Dobrze, że teraz pojawił się szybko głos biskupa Damiana Muskusa, zwracający uwagę na to, że na przyrodę ludzie wierzący mają patrzeć także w perspektywie wiary. Ta przyroda to nie jest nasza własność, to nie coś, co człowiek dostał do wyeksploatowania. „Tam, gdzie powinno panować życie, człowiek zasiał śmierć.” – pisze biskup Muskus. Zabrał też głos bp Waldemar Pytel – wrocławski biskup Kościoła Ewangelicko-Augsburskiego pytając, kiedy i czy nastąpi ekologiczne opamiętanie.

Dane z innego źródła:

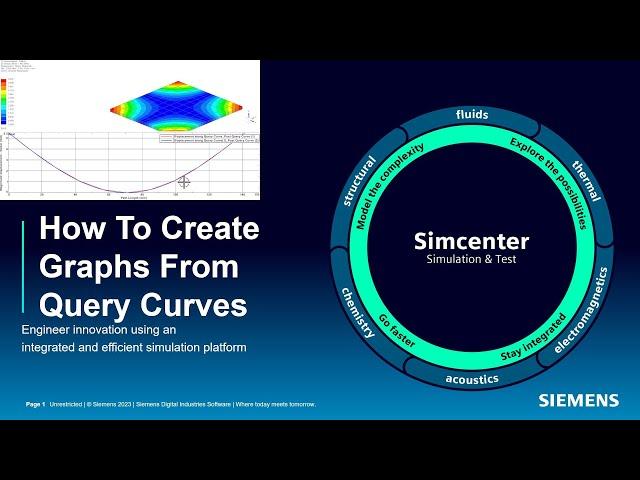 How To Create Graphs From Query Curves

Trzeba przypomnieć, że dwa lata temu biskupi śląscy (abp Wiktor Skworc, bp Jan Kopiec i bp Grzegorz Kaszlak) wydali dokument, w którym apelowali o poszanowanie wody: „Grzechem przeciwko Stwórcy, człowiekowi i stworzeniu jest marnotrawienie wody, zatruwanie jej ściekami, które nie trafiają, tak jak powinny, do kanalizacji, zaśmiecanie rzek, jezior, zbiorników wodnych, kanalizacji śmieciami oraz odpadami. Potępić też należy sprowadzanie, często z zagranicy i porzucanie czy wylewanie w przypadkowych miejscach toksycznych odpadów, które prędzej lub później zanieczyszczą wody gruntowe i rzeki. Te i tym podobne praktyki są moralnie naganne i trzeba je nazwać grzechami ekologicznymi” – pisali dwa lata temu. Apelowali też o to, aby duszpasterze wskazywali na potrzebę poszanowania środowiska naturalnego i na moralny wymiar codziennych czynności, które szkodzą środowisku naturalnemu. Czy ktoś z lokalnych księży powiedział na ten temat kazanie? Ktoś z katechetów poświęcił temu lekcję religii?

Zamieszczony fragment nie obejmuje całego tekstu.